____ Stored data

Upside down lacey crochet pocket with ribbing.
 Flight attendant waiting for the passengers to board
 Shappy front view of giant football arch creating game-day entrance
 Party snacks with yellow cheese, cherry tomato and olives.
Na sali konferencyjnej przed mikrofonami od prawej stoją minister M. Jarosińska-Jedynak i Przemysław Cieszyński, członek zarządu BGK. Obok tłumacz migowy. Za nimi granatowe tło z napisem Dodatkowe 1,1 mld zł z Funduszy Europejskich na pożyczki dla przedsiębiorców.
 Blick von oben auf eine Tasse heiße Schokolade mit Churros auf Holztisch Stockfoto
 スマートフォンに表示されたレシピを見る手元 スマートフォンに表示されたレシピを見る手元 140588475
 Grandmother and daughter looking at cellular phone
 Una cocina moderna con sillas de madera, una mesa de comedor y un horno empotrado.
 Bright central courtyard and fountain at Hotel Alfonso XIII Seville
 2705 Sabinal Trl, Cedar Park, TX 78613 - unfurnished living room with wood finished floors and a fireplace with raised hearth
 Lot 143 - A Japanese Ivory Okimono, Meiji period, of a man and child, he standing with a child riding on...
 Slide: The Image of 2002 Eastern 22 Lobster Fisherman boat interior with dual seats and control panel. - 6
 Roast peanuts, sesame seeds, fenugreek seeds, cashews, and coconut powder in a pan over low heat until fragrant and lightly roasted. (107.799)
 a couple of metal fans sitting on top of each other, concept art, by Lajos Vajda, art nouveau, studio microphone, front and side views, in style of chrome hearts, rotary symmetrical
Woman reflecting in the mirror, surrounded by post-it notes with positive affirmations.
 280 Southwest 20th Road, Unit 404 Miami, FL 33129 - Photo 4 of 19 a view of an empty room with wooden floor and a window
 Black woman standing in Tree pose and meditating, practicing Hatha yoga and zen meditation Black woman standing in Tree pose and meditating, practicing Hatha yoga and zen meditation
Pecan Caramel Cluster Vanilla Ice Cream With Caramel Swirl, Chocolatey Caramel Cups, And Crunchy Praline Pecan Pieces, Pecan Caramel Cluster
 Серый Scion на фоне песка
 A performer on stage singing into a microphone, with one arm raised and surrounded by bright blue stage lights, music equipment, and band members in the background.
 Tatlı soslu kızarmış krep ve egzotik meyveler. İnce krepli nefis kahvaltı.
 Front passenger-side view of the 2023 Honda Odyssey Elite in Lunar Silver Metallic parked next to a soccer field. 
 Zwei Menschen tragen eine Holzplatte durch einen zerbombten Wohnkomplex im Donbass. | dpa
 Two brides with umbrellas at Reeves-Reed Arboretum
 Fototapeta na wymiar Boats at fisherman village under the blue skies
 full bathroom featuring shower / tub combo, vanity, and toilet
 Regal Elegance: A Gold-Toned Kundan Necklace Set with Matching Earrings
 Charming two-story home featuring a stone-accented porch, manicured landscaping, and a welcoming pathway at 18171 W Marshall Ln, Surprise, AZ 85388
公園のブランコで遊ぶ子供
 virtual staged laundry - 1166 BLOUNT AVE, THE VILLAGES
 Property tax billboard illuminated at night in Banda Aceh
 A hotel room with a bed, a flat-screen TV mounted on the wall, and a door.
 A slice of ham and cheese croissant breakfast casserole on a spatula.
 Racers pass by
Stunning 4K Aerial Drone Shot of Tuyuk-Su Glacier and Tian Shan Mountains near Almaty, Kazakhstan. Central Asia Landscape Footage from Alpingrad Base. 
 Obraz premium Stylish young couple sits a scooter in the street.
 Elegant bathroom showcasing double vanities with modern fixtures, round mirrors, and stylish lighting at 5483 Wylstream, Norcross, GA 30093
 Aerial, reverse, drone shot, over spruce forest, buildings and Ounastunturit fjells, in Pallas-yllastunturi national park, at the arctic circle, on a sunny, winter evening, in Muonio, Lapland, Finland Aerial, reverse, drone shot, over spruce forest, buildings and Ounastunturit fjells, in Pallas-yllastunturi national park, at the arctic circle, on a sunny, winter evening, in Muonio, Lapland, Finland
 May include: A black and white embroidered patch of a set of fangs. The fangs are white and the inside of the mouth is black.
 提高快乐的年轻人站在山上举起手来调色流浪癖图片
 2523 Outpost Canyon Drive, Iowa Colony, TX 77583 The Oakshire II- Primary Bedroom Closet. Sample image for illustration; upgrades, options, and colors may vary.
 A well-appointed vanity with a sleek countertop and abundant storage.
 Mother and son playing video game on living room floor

________

Search the entries for the word "blue" and copy every line that holds it.

== Answer to the exercise ==
 A performer on stage singing into a microphone, with one arm raised and surrounded by bright blue stage lights, music equipment, and band members in the background.
 Fototapeta na wymiar Boats at fisherman village under the blue skies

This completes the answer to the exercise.